Я догадался, что эти люди прибыли из кишлака от отца. Обрадовался очень. Теперь даже огромные, вровень с крышами окружающих мазанок, верблюды уже не казались мне такими страшными. Я стал заигрывать с ними, поддразнивать: «Ап-ап!»
Погонщики верблюдов, ловко вскидывая на плечи большие тяжелые мешки с зерном, начали ссыпать его к нам в амбар. Собралось много ребятишек, подростков, кругом — шум, гвалт. Длинный тощий подмастерье нашего соседа-сапожника пырнул ножом в один из мешков, на землю посыпались, загремели орехи. Подмастерье, а за ним и другие ребята с криками, с визгом бросились подбирать их. Тут подоспел дед. Он разогнал всех, угрожая палкой, потом, ползая чуть ли не на четвереньках, собрал орехи все до одного.
Дед заметно повеселел и выглядел бодрее обычного. Но больше всего меня удивило то, что он совсем не боялся верблюдов: сгорбившись, без всякой опаски ковылял между этими беспокойными животными. Объяснение такой его смелости я получил в тот же вечер от матери. Оказалось, дед долгое время водил караваны верблюдов. Работал он на богатых купцов. С грузом разных товаров — мануфактуры, чая, изюма — бывал в разных городах, даже в таких далеких местах, как Арка, Каркара. У него было семь верблюдов. Летом он странствовал, а зимой в сильные холода давал верблюдам передышку. Построил для них просторный добротный сарай. Вовремя и всегда с большим запасом заготавливал сено, жмых и целые дни проводил со своими любимцами: убирал за ними, подметал, кормил досыта. Верблюды у него были справными, шерсть на них всегда отливала блеском. Соседи, родня удивлялись его пристрастию, советовали: «С какой стати ты ходишь за ними зиму? Зачем тебе беспокоиться насчет кормов? Продай их, а весна подойдет, купишь других». Но дед был упрям. «Нет, нет! — говорил он. — Ни к чему эти ваши неразумные речи. Верблюд — редкостное животное и к нему нельзя относиться бездушно. Люди вон собак держат, а ведь верблюд священная тварь!» Собак, кур дед не любил и никогда не держал. Пору, когда он водил свой караван, дед считал самой счастливой порой своей жизни, часто вздыхал, вспоминая о ней, и до старости не изменил своей привязанности к верблюдам.
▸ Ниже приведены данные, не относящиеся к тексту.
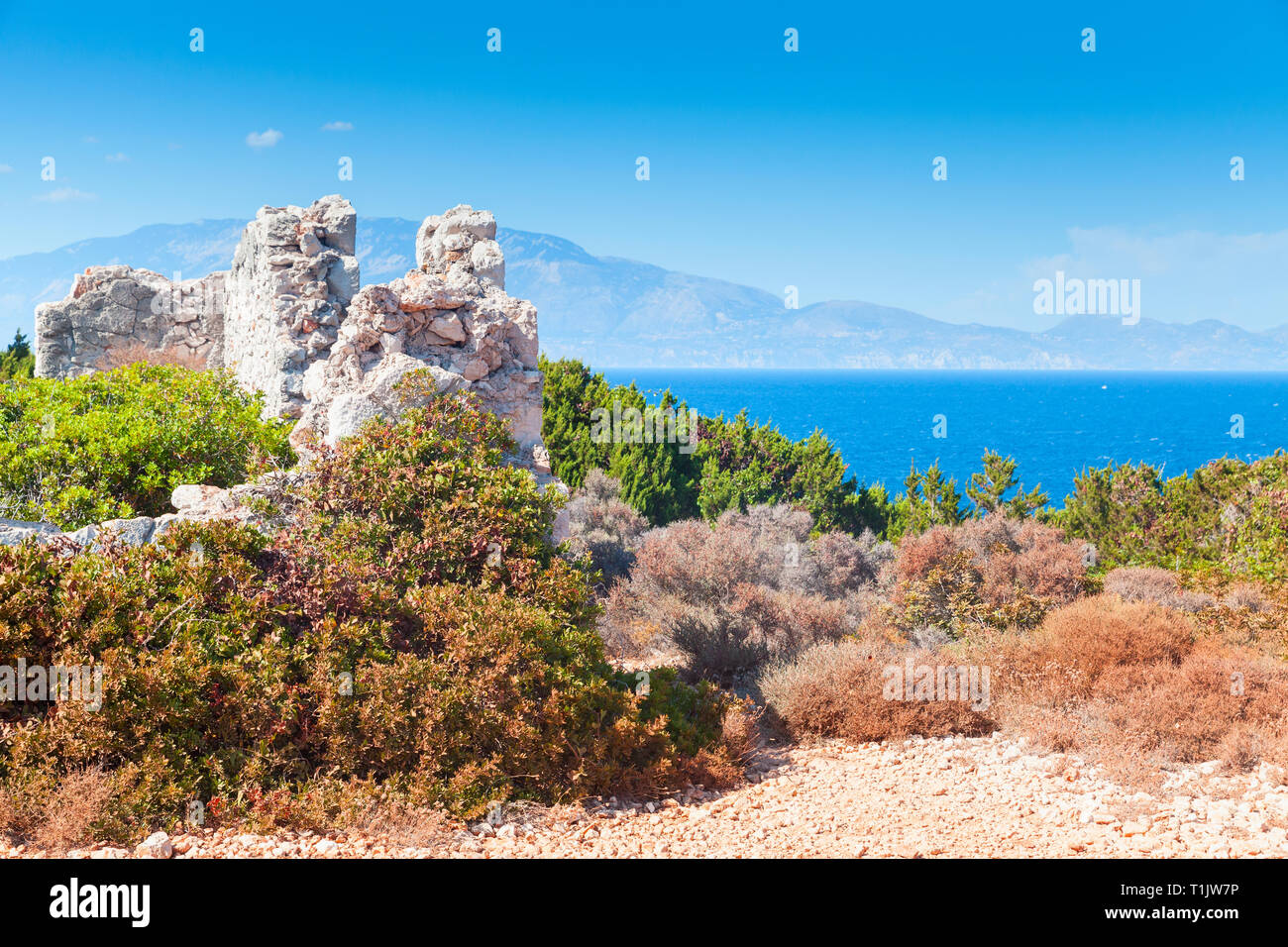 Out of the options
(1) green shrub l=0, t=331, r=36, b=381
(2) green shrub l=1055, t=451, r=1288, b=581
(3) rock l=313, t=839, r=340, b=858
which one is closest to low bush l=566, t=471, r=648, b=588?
(3) rock l=313, t=839, r=340, b=858

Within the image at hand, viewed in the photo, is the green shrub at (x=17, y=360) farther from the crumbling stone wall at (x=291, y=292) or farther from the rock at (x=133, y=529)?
the rock at (x=133, y=529)

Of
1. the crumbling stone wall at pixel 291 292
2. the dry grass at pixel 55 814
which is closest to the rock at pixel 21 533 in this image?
the dry grass at pixel 55 814

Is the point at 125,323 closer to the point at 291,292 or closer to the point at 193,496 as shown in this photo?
the point at 291,292

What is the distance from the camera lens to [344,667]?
5.35 meters

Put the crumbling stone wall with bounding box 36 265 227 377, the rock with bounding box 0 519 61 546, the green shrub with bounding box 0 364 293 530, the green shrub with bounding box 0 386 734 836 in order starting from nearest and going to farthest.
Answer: the green shrub with bounding box 0 386 734 836
the rock with bounding box 0 519 61 546
the green shrub with bounding box 0 364 293 530
the crumbling stone wall with bounding box 36 265 227 377

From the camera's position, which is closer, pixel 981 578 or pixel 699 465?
pixel 981 578

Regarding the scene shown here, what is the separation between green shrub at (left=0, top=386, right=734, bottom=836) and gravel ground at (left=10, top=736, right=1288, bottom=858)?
0.20 metres

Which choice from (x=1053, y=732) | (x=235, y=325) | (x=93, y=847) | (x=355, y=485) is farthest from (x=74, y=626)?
(x=235, y=325)

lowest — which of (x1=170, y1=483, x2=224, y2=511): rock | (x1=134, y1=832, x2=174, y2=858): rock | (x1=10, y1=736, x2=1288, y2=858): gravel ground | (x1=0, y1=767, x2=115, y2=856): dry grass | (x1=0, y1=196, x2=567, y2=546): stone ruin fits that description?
(x1=10, y1=736, x2=1288, y2=858): gravel ground

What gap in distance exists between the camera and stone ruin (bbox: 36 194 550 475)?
378 inches

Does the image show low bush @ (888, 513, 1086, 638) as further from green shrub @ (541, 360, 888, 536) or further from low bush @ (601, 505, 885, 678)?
green shrub @ (541, 360, 888, 536)

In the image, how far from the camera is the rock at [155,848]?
14.5 ft

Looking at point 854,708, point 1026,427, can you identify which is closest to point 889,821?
point 854,708

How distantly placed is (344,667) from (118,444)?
14.1 ft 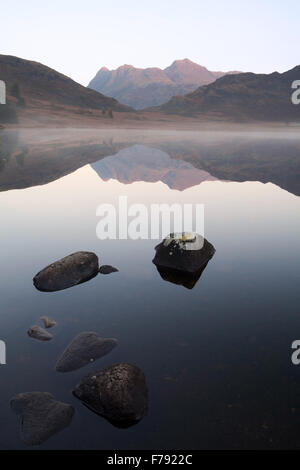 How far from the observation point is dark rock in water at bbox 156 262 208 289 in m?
14.0

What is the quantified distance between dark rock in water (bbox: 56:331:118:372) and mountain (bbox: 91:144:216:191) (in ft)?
94.8

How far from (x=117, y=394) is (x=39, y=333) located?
3.76m

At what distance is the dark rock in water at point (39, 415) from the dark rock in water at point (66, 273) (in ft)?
19.1

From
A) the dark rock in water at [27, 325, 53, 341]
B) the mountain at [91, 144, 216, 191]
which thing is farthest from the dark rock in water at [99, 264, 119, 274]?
the mountain at [91, 144, 216, 191]

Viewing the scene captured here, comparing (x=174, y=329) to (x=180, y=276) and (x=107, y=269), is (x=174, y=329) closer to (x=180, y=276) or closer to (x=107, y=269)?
(x=180, y=276)

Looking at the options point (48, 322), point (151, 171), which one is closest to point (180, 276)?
point (48, 322)

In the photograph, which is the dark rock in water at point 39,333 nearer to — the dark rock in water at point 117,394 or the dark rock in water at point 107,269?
the dark rock in water at point 117,394

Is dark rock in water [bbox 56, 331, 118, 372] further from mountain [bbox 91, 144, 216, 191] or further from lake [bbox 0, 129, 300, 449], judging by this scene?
mountain [bbox 91, 144, 216, 191]

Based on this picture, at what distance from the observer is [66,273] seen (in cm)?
1384

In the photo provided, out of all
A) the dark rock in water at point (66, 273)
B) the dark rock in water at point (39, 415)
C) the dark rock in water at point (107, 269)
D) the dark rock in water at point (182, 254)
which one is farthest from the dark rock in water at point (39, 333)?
the dark rock in water at point (182, 254)

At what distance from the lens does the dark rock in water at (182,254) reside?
14773 mm

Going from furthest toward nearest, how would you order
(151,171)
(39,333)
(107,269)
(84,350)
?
(151,171), (107,269), (39,333), (84,350)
Через несколько дней после отъезда кишлачных, дед привел других людей. Они ссыпали пшеницу и орехи в мешки и увезли все, навьючив на рослых ишаков и коней, таких смирных — швырни в любого ком глины, ухом не поведет. Я зашел в амбар, а там — пустым-пусто! Одни мыши шныряют по закромам, поблескивая хитрыми глазками. Зло меня взяло тут, не могу понять, зачем дед отдал все? Особенно жалко было орехов. Я побежал к матери, а она рассмеялась:
— Это все не наше, сынок, хозяйское, хозяина твоего отца…
От такого ответа у меня заныло сердце. Хмурый я вышел на улицу.
В эту пору мне было, наверное, не больше четырех лет…
Улочку нашу заняли ткачи. Одни, натянув основу, красили ее синей краской, другие — ровняли и гладили нити, протаскивая по основе какое-то громоздкое и тяжелое, как колода, приспособление, утыканное с одной стороны грубым волосом. Большая часть ткачей — люди пожилые. Чуть забаловался, слышишь окрик:
— Не вертись под ногами!
Достав из арыка ком вязкой глины, я сижу в сторонке, играю в «хлопушки». Вдруг из калитки соседнего дома выбегает Агзам, мой дружок — глаза блестят, в руках ломоть полосатой дыни-скороспелки. Я уставился на него с завистью. Спрашиваю:
— Сладкая?
— Ох и сладкая! — замотал головой Агзам. — Отец принес, дома еще есть!.. — похвалился он, но тут же спохватился и спрятал руку с дыней за спину — видно, догадался о моем желании.
Я отшвырнул глину. Во всю прыть припустил в переулок, зная, что дед должен быть там. Дед разговаривал со своим приятелем. Я прильнул к нему:
— Дедушка — дыни!..
Дед не слушает. Постукивая по земле концом палки, он продолжает разговор:
— Знаю, знаю. Он был человеком Мусульманкула, самого шайтана мог поучить…
— Очень хорошо, раз вы его помните! — тяжело мотнув крупной головой в старой тюбетейке, говорит приятель деда. — Так вот, и надо ж было, чтобы я встретился с ним лицом к лицу, будь он проклят! Он на коне, а я пеший. И в руках одна палица. А ведь он здоров был, как див, и в бою злой до бешенства…
Я невольно прислушиваюсь. Поглядываю то на деда, то на его дружка. Речь шла у них о войнах, об осадах, о каких-то ханах, беках. Кто-то там успел запереть большие ворота какой-то крепости, кто-то перекрыл воду в город. Где-то там, в садах, переспелые фрукты осыпались и гнили, потому что садоводы сбежали куда-то… Разговор этот, кажется мне, увлекательнее самой интересной сказки.
Наконец, старики смолкают и задумываются, опустив головы, — видно, вспоминают свою молодость. Я спохватываюсь, дергаю деда за руку:
— Дыни…
— Сиди смирно, проказник, — говорит дед. — Дыни еще не поспели.
Я продолжаю приставать, изо всех сил тяну деда за руку. Чтобы отвлечь меня, приятель деда начинает выделывать своей длинной палкой всякие штуки, перебрасывает ее с руки на руку. Потом сиплым голосом запевает шуточную песенку. Но на меня это не действует. В конце концов дед говорит приятелю:
— Что поделаешь — дитя. А желание дитяти превыше воли падишаха.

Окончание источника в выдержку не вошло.